With that said, you can certainly create a need for more octane if you increase your compression ratio, advance your ignition timing, and/or lean out your mixture. Nitrous oxide is yet one more instance where WAI would come in VERY handy. Do you plan any of this? Or, do your ECU's datalogs demonstrate that timing is being retarded (via the knock sensor)? If so, WAI is a very good bet. If not, then you just don't need it. http://****************.com/smile/emthup.gif


----------



## USOPHUNKE (Aug 31, 2003)

I plan to either go fi way down the road, I have a 75 shot setup which I am planning to put in around oct time frame.


----------



## MKII16v (Oct 23, 1999)

*Re: (USOPHUNKE)*

Its absolutely killer when paired with nitrous. I installed a setup on a 96 Gti Vr6 running a 75 shot while still utilizing standard GIAC software. No timing was being pulled.


----------



## USOPHUNKE (Aug 31, 2003)

sweet, I have basicly the same setup, 98 vr6 giac with cams and headwork and a 75 shot.
what size nozzles did you use, can you post pics of your setup and how you ran your lines and did you use the provided water tank or use the wiper one?


----------



## USOPHUNKE (Aug 31, 2003)

what would be a good way to actuate the meth with nos setup. ? I assume you want both to happen at the same time


----------



## [email protected] (Jan 13, 2005)

*Re: (USOPHUNKE)*

You can trigger your WAI solenoid by the same means that you activate the nitrous circuit. There's no need for a controller. On/off is fine. For a 75 shot, I'd probably go for 100cc and adjust the pump pressure to dial it in. Place the nitrous/fuel fogger far away from the engine and the WAI nozzle up at the throttle body. This way the nitrous oxide is fully gaseous by the time it interacts with the water/methanol spray. You don't want a hail storm inside the intake manifold.


----------



## USOPHUNKE (Aug 31, 2003)

ok that sounds ok...
I was thinking the nitrous right after maf, and the h20 right after the t.b. with one of the spacer plates. is that too close to each other?
I will give you a call in a few days so we can get a list compiled of what I need.


----------



## [email protected] (Jan 13, 2005)

*Re: (USOPHUNKE)*

Your mounting points are correct. Give me a call when you'd like to discuss specifics: 856-456-3335. http://****************.com/smile/emthup.gif


----------



## USOPHUNKE (Aug 31, 2003)

ok sounds good.


----------



## MKII16v (Oct 23, 1999)

*Re: (USOPHUNKE)*

I used the vacuum switch included in the Devils Own NA kit so the meth would start spraying low vacuum so it had a slight head start before the nitrous was activated at full throttle from a WOT switch.


----------



## USOPHUNKE (Aug 31, 2003)

it sucks here at work cuz I cant view pics that most people post, and I do alot better with diagrams and pics.
using the wot switch I assume as soon as you let off the nos stops, then as soon as your wot again it comes back on. 
what if you did not want to use it during 1st and second?
my car is a mk2 vr and it spins alot now through first if I am hammering on it. 2nd isnt as bad, but if I added even a few more hp during those two gears initially I would lose pretty much all traction.
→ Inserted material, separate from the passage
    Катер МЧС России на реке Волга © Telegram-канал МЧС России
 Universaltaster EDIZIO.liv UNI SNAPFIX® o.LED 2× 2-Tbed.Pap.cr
_Modified by USOPHUNKE at 4:58 AM 8-14-2008_


----------



## [email protected] (Jan 13, 2005)

*Re: (USOPHUNKE)*


_Quote, originally posted by *USOPHUNKE* »_using the wot switch I assume as soon as you let off the nos stops, then as soon as your wot again it comes back on.

That is correct.

_Quote »_what if you did not want to use it during 1st and second?
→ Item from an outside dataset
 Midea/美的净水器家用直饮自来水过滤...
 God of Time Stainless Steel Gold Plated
Invest in a controller that automates this sort of control. Or, use microswitches to lock out 1st and 2nd gears and a window switch to arm the nitrous oxide system only between ~2500rpms and say... 500rpms lower than redline. I can supply anything and everything nitrous oxide. It's a magical combination with WAI.


----------



## USOPHUNKE (Aug 31, 2003)

cool thanks scott, on this suject I wouldnt even consider going somewhere else!


----------



## croniccorrado (Jan 8, 2007)

*Re: (USOPHUNKE)*

can you run water/meth all the time? ok im rebuilding my vr6 and im going to run 13.1 pistons. is water/meth safe to run all the time, so i dont have to run race gas? if so how long does it last,will it last for a whole tank of gas?


----------



## [email protected] (Jan 13, 2005)

*Re: (croniccorrado)*

Yes, you can run water/methanol injection all day every day. It is a fine substitute for race fuel (although it works differently and thusly has to be implemented in its own way). I can't tell you how long it will last until you explain exactly how hard you'll be driving and exactly how your engine is set up. A 2liter tank typically lasts the average mild turbo-equipped engine for a tank of gasoline or two, though. Your engine should be less thirsty. http://****************.com/smile/emthup.gif


----------



## croniccorrado (Jan 8, 2007)

*Re: ([email protected])*

does anyone have an links or web pages ......any thing were i can get anymore info so i can read into running this on a high compression motor.pros and cons.Thanks Ian


----------



## [email protected] (Jan 13, 2005)

*Re: (croniccorrado)*


_Quote, originally posted by *croniccorrado* »_does anyone have an links or web pages ......any thing were i can get anymore info so i can read into running this on a high compression motor.pros and cons.Thanks Ian

Ian, WAI with NA works pretty much exactly the same way as it does for boosted applications and for exactly the same reasons. Any differences lie in the controller and how much you spray and when.
My own introduction to WAI was for taming nitrous oxide on an 11.3:1 2.0l 16v with ITBs. The pros/cons are the same as with a run of the mill turbo set up. The bottom line is that these systems provide IAT cooling and octane on demand. Most NA engines don't need improvements in either. That's why you don't see it much.


----------



## DUB_MANGv2 (Oct 28, 2008)

*Re: ([email protected])*

im going to be buying a devils own progresive stage 2 kit (i think thats the name) and i want to install it on my 24v. right now my only mods are intake,exhaust, and a unitronic reflash. so will adding a headspacer for the compression yield any power? or would i have to swap pistons also?


----------



## DUB_MANGv2 (Oct 28, 2008)

*FV-QR*









ok so theirs how i got my setup correct?
right now my only mods are intake, cartback, and unitronic chip stage 1.
now my question is where should i start the flow at? since the controller has a start dial and a full dial.?
then im guessin i do a quick run and log the sensors and if im not showing signals of engine knock then i raise the timing up 1 degree? then do another run then rescan then raise timing again? and i would do this until i finally get a knock signal?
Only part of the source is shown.